** PROVIDED MATERIAL follows **

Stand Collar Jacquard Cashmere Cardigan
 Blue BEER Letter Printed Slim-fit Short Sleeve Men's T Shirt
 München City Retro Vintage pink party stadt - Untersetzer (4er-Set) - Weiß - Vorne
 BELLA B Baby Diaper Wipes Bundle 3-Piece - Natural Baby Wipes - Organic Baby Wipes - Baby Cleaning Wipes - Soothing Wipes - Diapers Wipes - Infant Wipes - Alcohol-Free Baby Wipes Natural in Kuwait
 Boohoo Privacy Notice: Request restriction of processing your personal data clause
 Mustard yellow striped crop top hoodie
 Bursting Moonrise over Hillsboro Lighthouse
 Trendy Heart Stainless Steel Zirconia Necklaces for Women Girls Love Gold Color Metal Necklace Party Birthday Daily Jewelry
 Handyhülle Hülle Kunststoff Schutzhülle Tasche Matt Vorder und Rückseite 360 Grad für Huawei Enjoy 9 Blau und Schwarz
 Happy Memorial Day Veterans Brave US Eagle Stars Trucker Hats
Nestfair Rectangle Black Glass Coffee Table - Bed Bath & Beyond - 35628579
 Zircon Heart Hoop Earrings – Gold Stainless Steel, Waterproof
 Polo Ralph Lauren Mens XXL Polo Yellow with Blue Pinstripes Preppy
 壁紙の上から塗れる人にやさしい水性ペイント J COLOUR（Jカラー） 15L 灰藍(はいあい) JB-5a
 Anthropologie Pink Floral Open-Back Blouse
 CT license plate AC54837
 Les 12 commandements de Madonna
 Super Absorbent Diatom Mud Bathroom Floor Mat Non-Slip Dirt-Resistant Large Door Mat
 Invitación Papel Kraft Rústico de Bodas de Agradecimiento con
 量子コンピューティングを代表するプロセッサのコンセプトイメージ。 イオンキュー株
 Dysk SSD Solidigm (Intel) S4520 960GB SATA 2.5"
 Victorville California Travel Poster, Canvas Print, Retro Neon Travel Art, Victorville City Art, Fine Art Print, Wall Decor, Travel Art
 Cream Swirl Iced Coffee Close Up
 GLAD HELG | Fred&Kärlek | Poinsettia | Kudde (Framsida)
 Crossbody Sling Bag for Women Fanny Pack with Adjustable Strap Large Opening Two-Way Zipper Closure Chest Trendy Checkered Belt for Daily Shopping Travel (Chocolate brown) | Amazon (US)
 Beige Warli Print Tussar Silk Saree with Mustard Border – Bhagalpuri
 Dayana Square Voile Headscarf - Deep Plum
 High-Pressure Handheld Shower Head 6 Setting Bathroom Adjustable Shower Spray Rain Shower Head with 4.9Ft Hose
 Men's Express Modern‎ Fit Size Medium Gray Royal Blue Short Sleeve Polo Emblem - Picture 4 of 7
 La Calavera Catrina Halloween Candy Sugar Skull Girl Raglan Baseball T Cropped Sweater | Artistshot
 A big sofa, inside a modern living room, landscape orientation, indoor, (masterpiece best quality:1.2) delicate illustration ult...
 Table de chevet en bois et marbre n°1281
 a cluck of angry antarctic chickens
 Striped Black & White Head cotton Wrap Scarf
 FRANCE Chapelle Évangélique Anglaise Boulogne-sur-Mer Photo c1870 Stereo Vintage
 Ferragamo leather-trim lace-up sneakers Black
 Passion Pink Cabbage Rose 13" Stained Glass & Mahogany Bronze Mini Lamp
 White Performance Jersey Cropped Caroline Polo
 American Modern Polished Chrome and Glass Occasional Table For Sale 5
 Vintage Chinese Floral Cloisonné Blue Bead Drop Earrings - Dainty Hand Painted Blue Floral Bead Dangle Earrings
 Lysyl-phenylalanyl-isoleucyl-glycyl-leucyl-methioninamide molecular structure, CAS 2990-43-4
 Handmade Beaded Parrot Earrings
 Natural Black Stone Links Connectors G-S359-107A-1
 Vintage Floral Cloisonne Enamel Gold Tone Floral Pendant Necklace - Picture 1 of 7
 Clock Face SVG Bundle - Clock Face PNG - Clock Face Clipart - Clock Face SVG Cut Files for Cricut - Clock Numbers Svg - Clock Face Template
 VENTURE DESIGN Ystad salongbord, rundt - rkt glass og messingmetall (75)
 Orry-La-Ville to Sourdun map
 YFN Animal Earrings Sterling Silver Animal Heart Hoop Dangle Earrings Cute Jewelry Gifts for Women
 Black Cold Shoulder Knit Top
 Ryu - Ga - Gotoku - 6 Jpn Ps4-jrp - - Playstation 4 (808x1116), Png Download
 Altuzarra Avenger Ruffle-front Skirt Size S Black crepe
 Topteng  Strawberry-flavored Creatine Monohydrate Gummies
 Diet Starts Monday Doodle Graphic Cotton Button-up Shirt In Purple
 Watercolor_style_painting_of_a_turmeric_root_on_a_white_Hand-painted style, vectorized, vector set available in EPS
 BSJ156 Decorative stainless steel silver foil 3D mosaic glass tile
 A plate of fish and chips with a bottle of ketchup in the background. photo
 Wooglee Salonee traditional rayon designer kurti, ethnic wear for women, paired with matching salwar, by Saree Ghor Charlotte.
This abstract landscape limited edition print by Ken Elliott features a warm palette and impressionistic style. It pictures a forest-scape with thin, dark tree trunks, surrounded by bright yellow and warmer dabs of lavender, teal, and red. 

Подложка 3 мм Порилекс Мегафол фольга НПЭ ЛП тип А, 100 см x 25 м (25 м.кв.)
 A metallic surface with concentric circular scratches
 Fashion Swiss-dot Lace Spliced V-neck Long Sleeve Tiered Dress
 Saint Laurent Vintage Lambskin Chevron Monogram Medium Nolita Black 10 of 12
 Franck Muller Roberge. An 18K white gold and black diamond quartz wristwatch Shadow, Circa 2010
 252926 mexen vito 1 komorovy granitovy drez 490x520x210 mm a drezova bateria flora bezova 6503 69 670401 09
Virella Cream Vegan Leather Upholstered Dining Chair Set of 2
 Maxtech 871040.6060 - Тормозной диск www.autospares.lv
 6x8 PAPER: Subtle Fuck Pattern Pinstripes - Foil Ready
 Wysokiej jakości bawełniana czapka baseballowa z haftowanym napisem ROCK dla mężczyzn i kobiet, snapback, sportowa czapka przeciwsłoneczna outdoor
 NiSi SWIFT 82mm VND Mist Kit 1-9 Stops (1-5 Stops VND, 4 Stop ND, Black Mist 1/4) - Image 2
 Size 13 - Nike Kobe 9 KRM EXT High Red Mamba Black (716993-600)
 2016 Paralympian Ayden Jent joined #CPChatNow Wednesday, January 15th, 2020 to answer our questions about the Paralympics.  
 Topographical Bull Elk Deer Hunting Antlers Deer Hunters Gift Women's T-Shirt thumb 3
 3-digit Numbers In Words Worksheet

** End of PROVIDED MATERIAL **

_WORK REQUIRED_
Count the lines above that contain the word "Travel", and give only that number.

_YOUR RESPONSE_
2